TL;DR
We built a quadruped robot from scratch, simulated it in PyBullet, and taught it to walk using a hill climber algorithm. In essence, this is what happens when you take two software engineers and throw them into a hardware project. Spoiler alert: it worked!
Project Overview & Motivation
When we started this project, I hadn't touched CAD software or a 3D printer before. My partner had a bit more experience, but it was definitely a learning experience. We wanted to see how far we could get learning mechanical engineering through a hands-on project.
The project came with some key constraints:
- Robot must use legged locomotion (no wheels allowed)
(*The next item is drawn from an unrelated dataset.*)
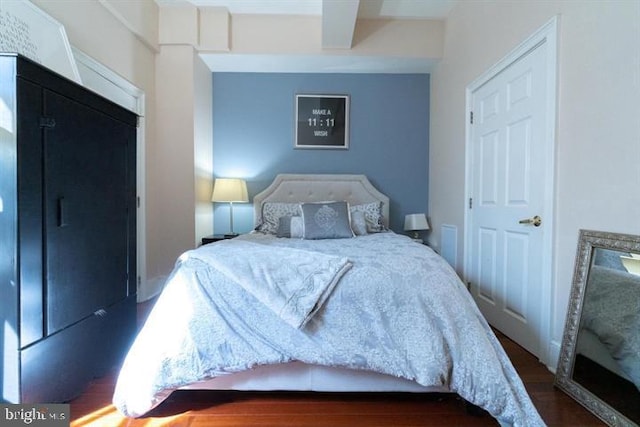 bedroom with dark hardwood / wood-style floors and beam ceiling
- Limited to 8 specific motors
- One designated battery type
- Must use an onboard Raspberry Pi
Given our limited mechanical engineering experience, we chose to build something we understood conceptually - a quadruped robot similar to Boston Dynamics' Spot, but obviously much simpler. This let us focus on learning the fundamental skills without getting lost in complex mechanical design.
Technical Implementation
Design & CAD
We started with ambitious plans - initially wanting to build a robotic horse archer with targeting systems and cool ML capabilities. Reality quickly set in, and we scaled back: first to a Nerf gun, then to a water cannon, and finally to just focusing on getting the basic robot to walk.
We ended up "forking" from an existing open-source quadruped robot project, adapting it for our specific motors and battery constraints. The main challenge was optimizing for lower weight while maintaining stability. We started in SolidWorks but switched to Fusion360 for better collaboration and laptop compatibility.
Parts & Assembly
This phase taught us a lot about hardware development bottlenecks. Long lead times for parts became a major constraint - for example, waiting a week for the correct length servo horn. We had several prints that either didn't fit the motors as intended or failed outright, each setback costing days of development time.
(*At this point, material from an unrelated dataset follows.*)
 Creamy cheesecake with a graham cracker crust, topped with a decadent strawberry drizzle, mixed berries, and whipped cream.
Key learning: Experience helps anticipate these setbacks. Precise CAD work, ordering backup parts, and structuring development to avoid single-part bottlenecks became crucial strategies.
Simulation
After accidentally pushing the motors beyond their limits and breaking a leg (oops), we shifted focus to simulation. We chose PyBullet for its simplicity and sufficiency for our needs. The simulation provided two key benefits:
- Safe environment for testing without breaking hardware
- Faster iteration on walking gaits (5 iterations per second, each testing 12 seconds of walking)
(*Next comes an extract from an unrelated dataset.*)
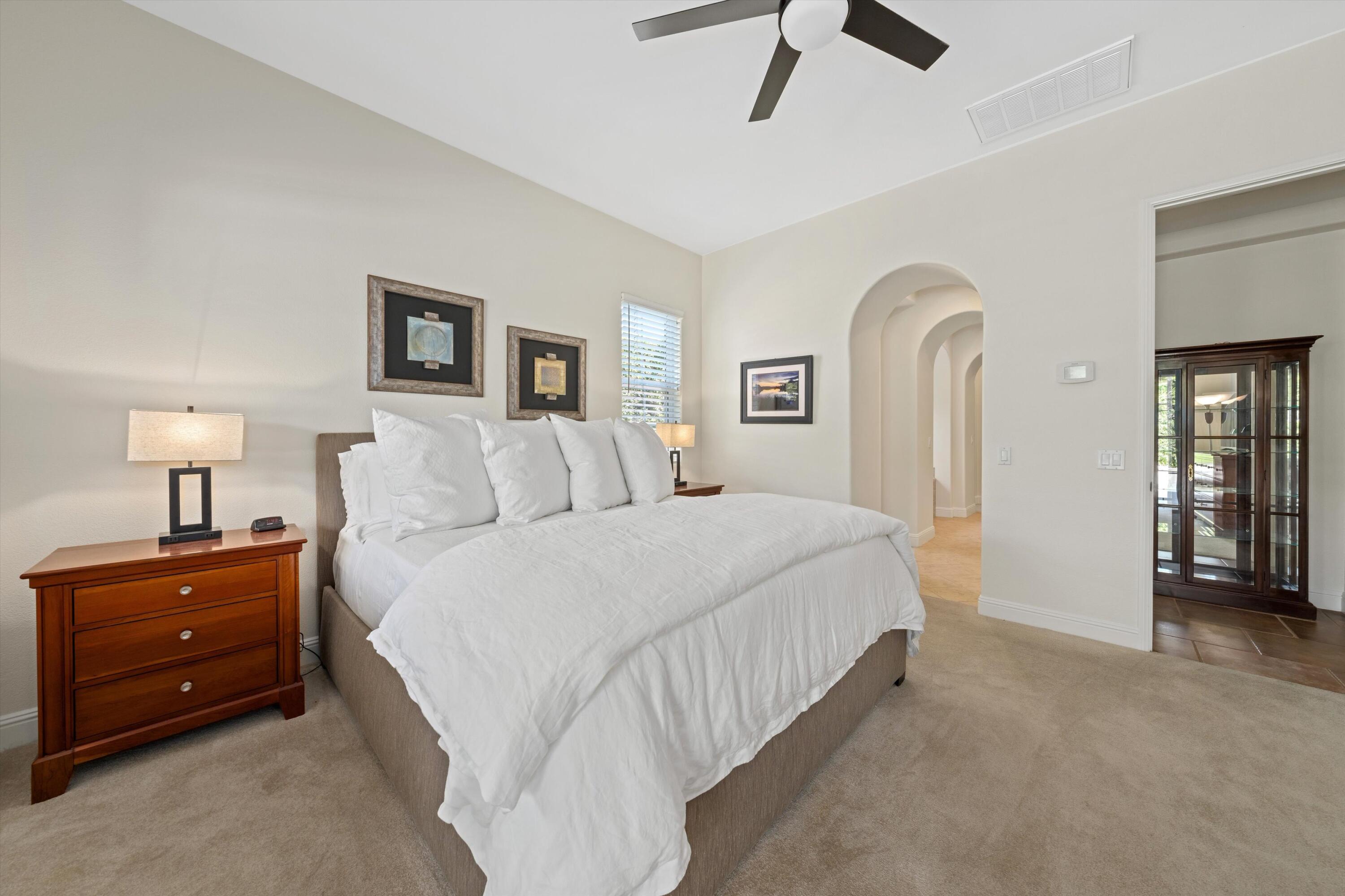 2 Via Santa Elena Rancho Mirage, CA 92270 - Photo 21 of 51 a spacious bedroom with a bed and a chandelier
Getting our CAD model into PyBullet was surprisingly challenging. The URDF format requires careful handling of links and joints, and parallel drive mechanisms proved particularly tricky. We eventually found a script that could automatically convert properly formatted assemblies into URDF format.
Technical Implementation:
We implemented a hill climbing algorithm for gait optimization with the following key components:
- Gait parameters: frequency (ω), amplitude (a), phase offset (b), and vertical offset (c)
- Fixed simulation duration (10 seconds) with 0.5s settling time
- Fitness metric: forward distance traveled
- Parallel evaluation of multiple candidates per iteration
Each simulation run evaluates a candidate gait at 240 Hz simulation steps. We found that while longer simulation durations (20s+) provide more stable evaluations, they significantly increase computational cost. Our current implementation balances evaluation stability with iteration speed.
Walking Implementation
We implemented a simple hill climbing algorithm for gait optimization. The simulation environment let us test various parameters and gaits without risking the physical hardware. Full implementation details and code are available in our GitHub repository.
Results
[Coming soon! Videos and performance metrics of our robot in action.]
Discussion & Reflections
One key question we had was "How different is building a hardware project from a software project?" The answer: quite different in some ways. Many steps only make sense sequentially, and it's harder to break things into independent modules.
In software, you can typically parallelize work and get quick feedback (run the module, fix issues, repeat). Hardware development has longer feedback loops - you need the design before ordering parts, you need parts before testing assembly fit, and some issues only become apparent once you have physical components in hand.
What we wish we had: better ways to close the feedback loop sooner. Some of this might come from experience and better development processes, but it seems fundamental to hardware development that some things just take time to validate.